In Cuentos y relatos, Listado de entradas on febrero 5, 2011 at 00:23

Otra vez me ha dado por escribir un cuentecillo basado en un comentario que oí hace no mucho. Aquí está:

Empezó a sentirse más despejada, se revolvió un poco en su asiento, bostezó y por fin abrió los ojos. Se estiró un poco y allí vio a su lado a su amiga, estaba con los cascos puestos escuchando música. La sonrió con los ojos todavía entrecerrados y en seguida se preguntó dónde estaba. Por lo visto estaba en un autocar sentada en uno de los asientos al lado de su amiga que seguía escuchando música sin hacerla mucho caso.

No recordaba cómo había llegado hasta allí y esto la hizo estremecerse. Un poco nerviosa llamó a su amiga y la preguntó que cómo habían llegado allí. Su amiga todavía con los cascos puestos encogió los hombros. ¿Y dónde vamos? Esta vez su amiga se quitó los cascos y la respondió que no sabía. ¡Pero cómo no lo vas ha saber! A lo cual la amiga respondió: Estamos en un autocar ¿no? No entendía a su amiga, ¿cómo estaba tan tranquila sin saber de dónde venían ni hacia dónde se dirigían? La amiga se volvió a poner los cascos sin preocuparse más.

Miró a su alrededor, a un lado había una madre sentada junto a su niño, le estaba dando algo de comer. La madre sonreía viendo como el niño comía poco a poco los trocitos de fruta que ella le iba dando. El niño tarareaba una cancioncilla mientras se metía en la boca tranquilamente los alimentos que su madre le daba. Justo detrás de la madre había un chico y una chica que transmitían una gran sensación de tranquilidad. La chica tenía la cabeza apoyada en el hombro de su compañero el cual, de vez en cuando, levantaba una mano y acariciaba el cabello de su compañera. La escena le pareció tan íntima, tan de ellos dos, que una tercera mirada extraña le pareció multitud así que rápidamente retiró la mirada de esta pareja.

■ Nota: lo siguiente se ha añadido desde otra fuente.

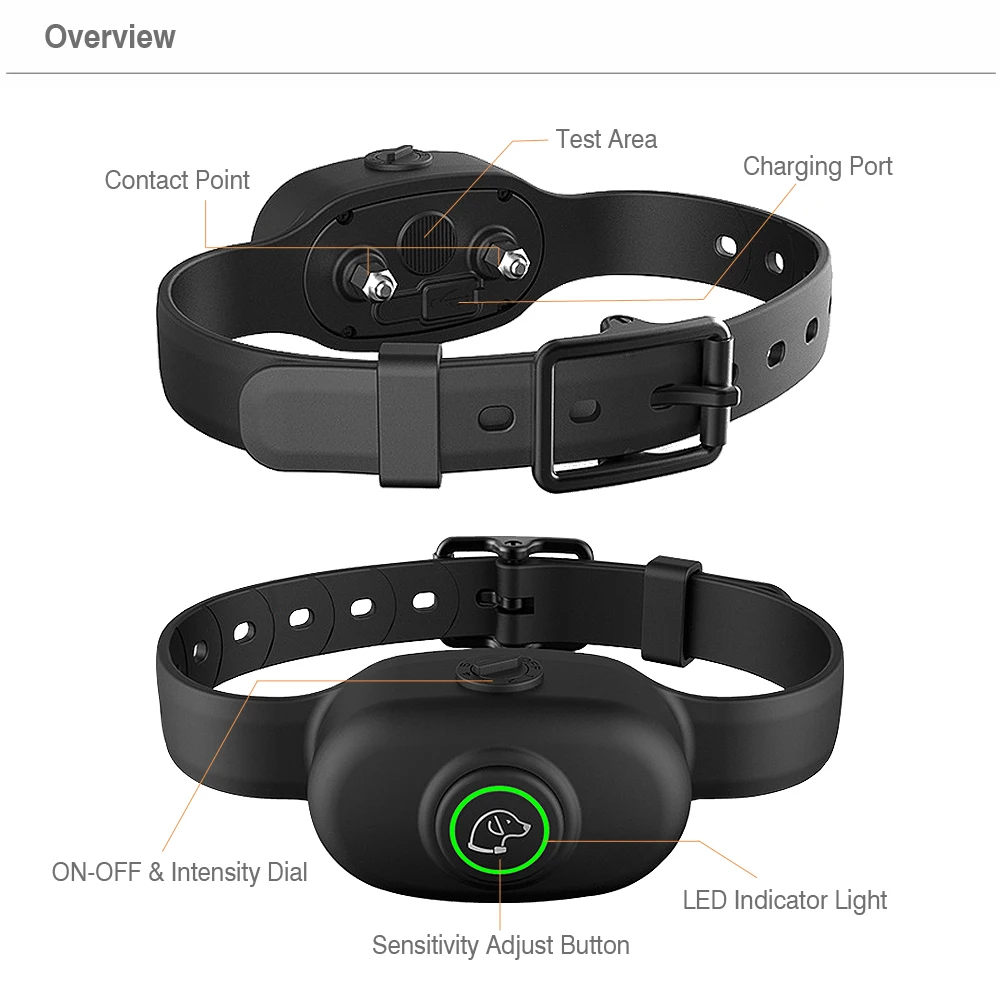 Ошейник для дрессировки собак с электрическим током ошейник для собак перезаряжаемый водонепроницаемый тренировка собаки домашних животных ошейник устройство против лая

A nadie a su alrededor  parecía importarle estar allí, ¿sería posible que a nadie le importase de dónde venían ni hacia dónde se dirigían? Acabó preguntando al hombre que tenía delante. Estaba leyendo un periódico de información económica y financiera mientras hacía comentarios entre críticos y despectivos a su compañero. Ambos iban elegantemente vestidos con traje. En cuanto le formuló su pregunta el hombre, éste la miró de pies a cabeza y respondió con brusquedad ¡y eso a mí que me importa! Lo realmente importante es esto, ¡no tengo tiempo para pensar en estupideces! Todo esto lo decía mientras daba con una mano un golpe al periódico. En ese momento se ruborizó, se sentía estúpida, tal cual había dicho aquel hombre.

Cada vez se sentía más nerviosa así que miró hacia atrás. En cuanto miró vio a un hombre de unos treinta y pico años que la sonreía amablemente. Aquella sonrisa le hizo serenarse y le hizo las mismas preguntas que había estado haciendo desde que despertó. El hombre hizo un gesto para que se acercara más y al oído la dijo unas palabras. Si, había resuelto sus dudas, aunque al principio le sorprendió mucho lo que dijo, le parecía imposible. Después de la primera impresión volvió a mirar a su alrededor, tras esto se echó a reír de pura alegría. Confiaba en el conductor del autocar…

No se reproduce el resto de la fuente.